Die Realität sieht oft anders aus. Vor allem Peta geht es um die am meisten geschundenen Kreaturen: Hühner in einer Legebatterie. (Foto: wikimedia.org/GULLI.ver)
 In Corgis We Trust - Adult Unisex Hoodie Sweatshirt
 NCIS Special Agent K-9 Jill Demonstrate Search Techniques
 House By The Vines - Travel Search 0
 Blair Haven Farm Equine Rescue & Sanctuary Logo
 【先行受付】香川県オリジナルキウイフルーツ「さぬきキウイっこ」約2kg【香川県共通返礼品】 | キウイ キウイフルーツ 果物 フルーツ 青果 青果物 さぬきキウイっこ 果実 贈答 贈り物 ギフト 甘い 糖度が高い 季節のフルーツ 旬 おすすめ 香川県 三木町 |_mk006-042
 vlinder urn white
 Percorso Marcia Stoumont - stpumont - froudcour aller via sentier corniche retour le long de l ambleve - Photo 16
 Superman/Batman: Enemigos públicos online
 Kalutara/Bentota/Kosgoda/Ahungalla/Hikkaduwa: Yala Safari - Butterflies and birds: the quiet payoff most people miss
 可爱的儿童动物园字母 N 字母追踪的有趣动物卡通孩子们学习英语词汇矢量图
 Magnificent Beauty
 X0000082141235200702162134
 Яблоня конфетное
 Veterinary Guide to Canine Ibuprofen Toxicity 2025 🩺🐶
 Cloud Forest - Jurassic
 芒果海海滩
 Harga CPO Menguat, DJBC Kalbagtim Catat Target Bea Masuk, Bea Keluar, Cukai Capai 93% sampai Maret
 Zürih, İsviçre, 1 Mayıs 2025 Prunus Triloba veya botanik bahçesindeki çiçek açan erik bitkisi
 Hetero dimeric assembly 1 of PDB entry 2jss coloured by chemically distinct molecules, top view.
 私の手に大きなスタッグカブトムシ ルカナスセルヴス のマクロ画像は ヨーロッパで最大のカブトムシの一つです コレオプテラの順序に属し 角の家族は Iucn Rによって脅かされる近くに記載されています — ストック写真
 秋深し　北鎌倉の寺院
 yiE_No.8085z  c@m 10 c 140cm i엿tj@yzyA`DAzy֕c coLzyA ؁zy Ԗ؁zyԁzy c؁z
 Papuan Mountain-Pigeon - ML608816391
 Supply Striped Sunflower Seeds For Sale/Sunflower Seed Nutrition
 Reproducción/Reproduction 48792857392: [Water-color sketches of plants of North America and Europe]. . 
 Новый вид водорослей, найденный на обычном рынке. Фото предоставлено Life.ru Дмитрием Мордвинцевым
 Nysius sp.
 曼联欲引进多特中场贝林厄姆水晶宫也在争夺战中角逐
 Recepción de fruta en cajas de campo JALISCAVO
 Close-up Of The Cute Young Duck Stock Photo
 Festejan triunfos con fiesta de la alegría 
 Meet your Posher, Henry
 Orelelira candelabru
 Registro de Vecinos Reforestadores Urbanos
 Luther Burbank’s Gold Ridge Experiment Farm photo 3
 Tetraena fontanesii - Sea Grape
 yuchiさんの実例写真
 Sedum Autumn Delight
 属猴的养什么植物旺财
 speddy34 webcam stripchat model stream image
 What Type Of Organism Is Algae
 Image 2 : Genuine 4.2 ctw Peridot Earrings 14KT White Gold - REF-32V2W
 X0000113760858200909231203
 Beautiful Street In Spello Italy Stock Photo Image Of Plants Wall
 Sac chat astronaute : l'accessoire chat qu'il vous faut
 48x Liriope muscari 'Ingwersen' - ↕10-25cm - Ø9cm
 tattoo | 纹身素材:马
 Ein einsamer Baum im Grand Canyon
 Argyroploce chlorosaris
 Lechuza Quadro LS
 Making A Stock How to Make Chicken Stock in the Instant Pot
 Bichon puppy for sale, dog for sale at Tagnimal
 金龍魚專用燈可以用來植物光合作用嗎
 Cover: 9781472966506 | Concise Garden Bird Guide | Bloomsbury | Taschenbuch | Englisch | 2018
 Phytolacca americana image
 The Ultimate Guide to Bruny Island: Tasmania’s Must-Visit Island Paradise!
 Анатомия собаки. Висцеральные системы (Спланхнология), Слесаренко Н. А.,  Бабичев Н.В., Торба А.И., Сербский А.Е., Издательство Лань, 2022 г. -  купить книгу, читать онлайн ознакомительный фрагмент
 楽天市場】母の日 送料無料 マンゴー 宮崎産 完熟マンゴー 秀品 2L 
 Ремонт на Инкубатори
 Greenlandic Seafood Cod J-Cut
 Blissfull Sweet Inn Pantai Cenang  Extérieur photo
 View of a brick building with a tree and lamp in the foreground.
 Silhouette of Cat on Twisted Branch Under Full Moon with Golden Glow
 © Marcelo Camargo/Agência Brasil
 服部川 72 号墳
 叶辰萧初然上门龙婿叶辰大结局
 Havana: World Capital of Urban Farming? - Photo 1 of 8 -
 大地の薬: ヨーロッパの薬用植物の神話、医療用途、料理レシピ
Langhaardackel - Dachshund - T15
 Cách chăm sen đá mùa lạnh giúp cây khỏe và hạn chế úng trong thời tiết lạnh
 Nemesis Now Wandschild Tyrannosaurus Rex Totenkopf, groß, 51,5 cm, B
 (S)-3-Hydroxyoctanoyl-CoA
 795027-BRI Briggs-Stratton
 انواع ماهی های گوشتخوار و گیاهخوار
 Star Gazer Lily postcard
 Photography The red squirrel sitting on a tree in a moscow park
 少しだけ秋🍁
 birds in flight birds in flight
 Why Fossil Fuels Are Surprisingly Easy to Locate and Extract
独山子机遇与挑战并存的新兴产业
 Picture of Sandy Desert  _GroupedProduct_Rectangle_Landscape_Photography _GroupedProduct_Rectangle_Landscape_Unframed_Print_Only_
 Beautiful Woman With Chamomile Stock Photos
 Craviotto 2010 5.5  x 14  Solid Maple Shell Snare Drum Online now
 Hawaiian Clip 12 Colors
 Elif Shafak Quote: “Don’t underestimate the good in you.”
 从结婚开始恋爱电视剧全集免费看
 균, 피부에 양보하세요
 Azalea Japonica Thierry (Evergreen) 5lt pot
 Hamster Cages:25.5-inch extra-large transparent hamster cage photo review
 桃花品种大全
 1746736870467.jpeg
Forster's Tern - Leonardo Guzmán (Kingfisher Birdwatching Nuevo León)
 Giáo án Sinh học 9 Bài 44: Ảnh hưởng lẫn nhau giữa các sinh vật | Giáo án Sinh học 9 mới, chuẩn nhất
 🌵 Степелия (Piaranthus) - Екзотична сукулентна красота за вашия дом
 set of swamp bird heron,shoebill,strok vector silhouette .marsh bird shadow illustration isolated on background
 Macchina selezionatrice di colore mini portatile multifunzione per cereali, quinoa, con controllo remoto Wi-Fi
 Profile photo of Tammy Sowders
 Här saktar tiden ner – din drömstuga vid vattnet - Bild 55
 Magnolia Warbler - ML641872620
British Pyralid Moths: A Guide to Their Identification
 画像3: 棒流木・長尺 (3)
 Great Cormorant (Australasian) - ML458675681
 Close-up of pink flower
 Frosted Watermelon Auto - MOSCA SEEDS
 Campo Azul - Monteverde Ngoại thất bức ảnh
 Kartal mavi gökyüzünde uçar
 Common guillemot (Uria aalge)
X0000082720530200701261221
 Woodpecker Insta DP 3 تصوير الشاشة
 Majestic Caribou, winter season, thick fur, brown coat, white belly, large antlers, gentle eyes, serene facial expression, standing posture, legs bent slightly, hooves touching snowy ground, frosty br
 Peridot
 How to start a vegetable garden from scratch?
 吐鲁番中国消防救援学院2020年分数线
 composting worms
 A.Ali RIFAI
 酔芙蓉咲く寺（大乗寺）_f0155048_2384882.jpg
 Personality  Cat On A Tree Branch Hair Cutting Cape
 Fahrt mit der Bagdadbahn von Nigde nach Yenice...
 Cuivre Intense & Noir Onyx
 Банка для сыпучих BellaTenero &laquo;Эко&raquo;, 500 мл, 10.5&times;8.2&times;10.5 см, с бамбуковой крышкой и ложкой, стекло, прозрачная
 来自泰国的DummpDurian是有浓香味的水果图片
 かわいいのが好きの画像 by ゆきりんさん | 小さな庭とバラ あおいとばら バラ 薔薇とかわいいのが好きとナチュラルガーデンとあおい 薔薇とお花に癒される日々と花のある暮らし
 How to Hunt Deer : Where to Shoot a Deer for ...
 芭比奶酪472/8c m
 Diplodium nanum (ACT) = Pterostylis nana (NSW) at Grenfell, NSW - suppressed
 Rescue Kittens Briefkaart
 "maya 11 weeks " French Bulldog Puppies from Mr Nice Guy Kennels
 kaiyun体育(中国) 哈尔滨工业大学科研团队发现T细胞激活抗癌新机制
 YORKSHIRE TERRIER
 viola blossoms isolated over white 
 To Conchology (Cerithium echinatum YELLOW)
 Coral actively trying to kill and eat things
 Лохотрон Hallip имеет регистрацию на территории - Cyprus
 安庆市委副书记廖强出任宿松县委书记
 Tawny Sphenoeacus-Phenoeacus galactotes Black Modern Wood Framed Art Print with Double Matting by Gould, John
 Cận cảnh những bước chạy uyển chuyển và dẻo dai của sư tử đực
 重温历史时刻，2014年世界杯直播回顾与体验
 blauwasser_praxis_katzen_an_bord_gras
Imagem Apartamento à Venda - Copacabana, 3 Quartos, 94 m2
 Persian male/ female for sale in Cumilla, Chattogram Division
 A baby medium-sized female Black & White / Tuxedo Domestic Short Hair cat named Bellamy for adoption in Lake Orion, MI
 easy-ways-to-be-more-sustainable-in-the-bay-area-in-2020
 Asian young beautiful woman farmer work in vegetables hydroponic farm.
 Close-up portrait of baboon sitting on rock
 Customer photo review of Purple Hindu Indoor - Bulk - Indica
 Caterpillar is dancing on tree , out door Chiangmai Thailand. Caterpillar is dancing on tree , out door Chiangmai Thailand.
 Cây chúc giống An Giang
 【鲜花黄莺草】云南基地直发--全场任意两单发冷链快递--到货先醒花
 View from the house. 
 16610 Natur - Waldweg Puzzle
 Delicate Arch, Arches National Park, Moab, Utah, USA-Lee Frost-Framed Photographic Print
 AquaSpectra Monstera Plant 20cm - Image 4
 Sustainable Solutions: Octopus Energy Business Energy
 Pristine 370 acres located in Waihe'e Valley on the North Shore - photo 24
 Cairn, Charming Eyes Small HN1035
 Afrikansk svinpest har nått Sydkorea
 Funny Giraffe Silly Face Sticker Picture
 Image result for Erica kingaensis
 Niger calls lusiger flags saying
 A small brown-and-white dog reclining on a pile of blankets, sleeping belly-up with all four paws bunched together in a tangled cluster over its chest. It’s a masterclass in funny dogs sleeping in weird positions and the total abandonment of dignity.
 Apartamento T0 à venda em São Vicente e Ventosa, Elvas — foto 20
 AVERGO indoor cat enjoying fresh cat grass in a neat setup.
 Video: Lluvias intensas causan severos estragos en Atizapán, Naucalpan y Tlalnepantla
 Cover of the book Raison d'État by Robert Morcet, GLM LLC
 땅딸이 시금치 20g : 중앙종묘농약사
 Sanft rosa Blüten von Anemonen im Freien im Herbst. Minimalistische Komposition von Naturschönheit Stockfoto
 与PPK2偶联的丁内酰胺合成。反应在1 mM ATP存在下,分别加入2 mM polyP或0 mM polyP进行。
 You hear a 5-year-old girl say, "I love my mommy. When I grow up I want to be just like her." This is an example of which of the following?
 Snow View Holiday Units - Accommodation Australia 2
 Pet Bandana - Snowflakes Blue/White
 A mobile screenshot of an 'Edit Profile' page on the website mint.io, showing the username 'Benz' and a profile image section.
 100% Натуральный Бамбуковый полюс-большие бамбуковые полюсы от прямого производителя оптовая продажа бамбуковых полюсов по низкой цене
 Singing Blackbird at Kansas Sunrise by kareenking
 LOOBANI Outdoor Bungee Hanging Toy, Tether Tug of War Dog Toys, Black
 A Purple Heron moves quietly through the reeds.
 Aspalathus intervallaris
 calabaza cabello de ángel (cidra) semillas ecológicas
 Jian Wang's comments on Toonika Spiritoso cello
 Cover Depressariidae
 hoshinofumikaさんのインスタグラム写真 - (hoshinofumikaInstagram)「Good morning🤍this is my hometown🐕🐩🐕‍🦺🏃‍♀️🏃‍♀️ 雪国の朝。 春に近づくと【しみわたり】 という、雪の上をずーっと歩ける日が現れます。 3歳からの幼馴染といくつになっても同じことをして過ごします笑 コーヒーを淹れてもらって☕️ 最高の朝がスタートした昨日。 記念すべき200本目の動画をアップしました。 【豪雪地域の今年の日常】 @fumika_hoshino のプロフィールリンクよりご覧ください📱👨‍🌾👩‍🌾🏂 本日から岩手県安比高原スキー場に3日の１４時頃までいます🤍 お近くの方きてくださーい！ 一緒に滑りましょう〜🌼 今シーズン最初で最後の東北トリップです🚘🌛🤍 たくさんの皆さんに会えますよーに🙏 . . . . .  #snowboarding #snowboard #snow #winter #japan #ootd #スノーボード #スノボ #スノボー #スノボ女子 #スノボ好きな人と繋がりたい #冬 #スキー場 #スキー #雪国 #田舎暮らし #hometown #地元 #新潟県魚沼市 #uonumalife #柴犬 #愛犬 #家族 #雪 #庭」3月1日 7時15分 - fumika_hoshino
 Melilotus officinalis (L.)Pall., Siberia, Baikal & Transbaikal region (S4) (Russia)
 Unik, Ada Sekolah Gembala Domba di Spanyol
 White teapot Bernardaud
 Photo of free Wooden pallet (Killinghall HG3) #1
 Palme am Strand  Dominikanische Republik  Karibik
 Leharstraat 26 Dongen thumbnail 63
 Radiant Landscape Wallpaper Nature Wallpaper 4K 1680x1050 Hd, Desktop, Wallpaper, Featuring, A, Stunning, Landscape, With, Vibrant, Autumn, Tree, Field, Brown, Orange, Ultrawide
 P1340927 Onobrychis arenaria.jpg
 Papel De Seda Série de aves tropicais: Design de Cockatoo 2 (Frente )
:::
ACTION ITEM ▸
How many lines of the material above have the word "from" in them? Give only that number.

RESPONSE AREA ▸
3